Shown (L to R): Professors David Pearson and José Lizárraga, who nominated them, with award winners Arturo Cortéz and Nicola McClung. UC Berkeley photo by Christine Trost.
UC Berkeley’s Institute for the Study of Societal Issues has awarded social change prizes last week to five local activist scholars, including three Berkeley students engaged in education-related projects.
Arturo Cortéz, a doctoral candidate in educational policy at Berkeley and an adjunct professor at UC San Francisco, and Nicola McClung, an assistant professor of learning and instruction at the University of San Francisco, were awarded the 2017 Foundations for Change: Thomas I. Yamashita Prize.
The award of $2,500 honors one or more persons whose work transforms the existing social landscape, and serves as a bridge between the academy and the community.
Cortéz and McClung founded Xóchitl Justice Press, a nonprofit that promotes a just and equitable society through publishing, community partnerships, education and research. In 2014 they launched the XJP Book Project to partner with non-dominant youth to conceptualize, write and produce nonfiction books for beginning readers that are educational and representative of students’ lives.

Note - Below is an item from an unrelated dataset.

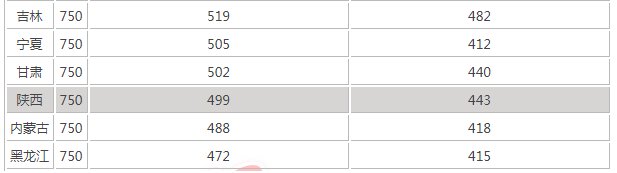 2021全国高考一本线分数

With the help of USF pre-service teachers, over 50 books, featuring photographs of people and places from the youths’ communities, have been published and shared with emergent readers in San Francisco’s Western Addition and beyond, and many more are in production.
Camila Cribb Fabersunne, a resident in UCSF’s Pediatric Leadership for the Underserved Program whose work seeks to combat the school-to-prison pipeline by applying a public health lens, received honorable mention.
Dylan Bush, a Latin American studies major and pre-med student at Berkeley, and Ankita Joshi, a mechanical engineering major, were awarded the newly established Kids First: David L. Kirp Prize. The annual $2,500 award — endowed by Kirp, a professor in the Graduate School and emeritus professor of public policy — will be given to one or more Berkeley undergraduates engaged in new or ongoing work that demonstrates a commitment, whether in education or other domains, to creating a better future for children and youth.
The award ceremony brought together friends, family, community partners and Berkeley faculty, staff and students, who heard a keynote speech by Pedro Noguera, Distinguished Professor of Education in UCLA’s Graduate School of Education and Information Studies.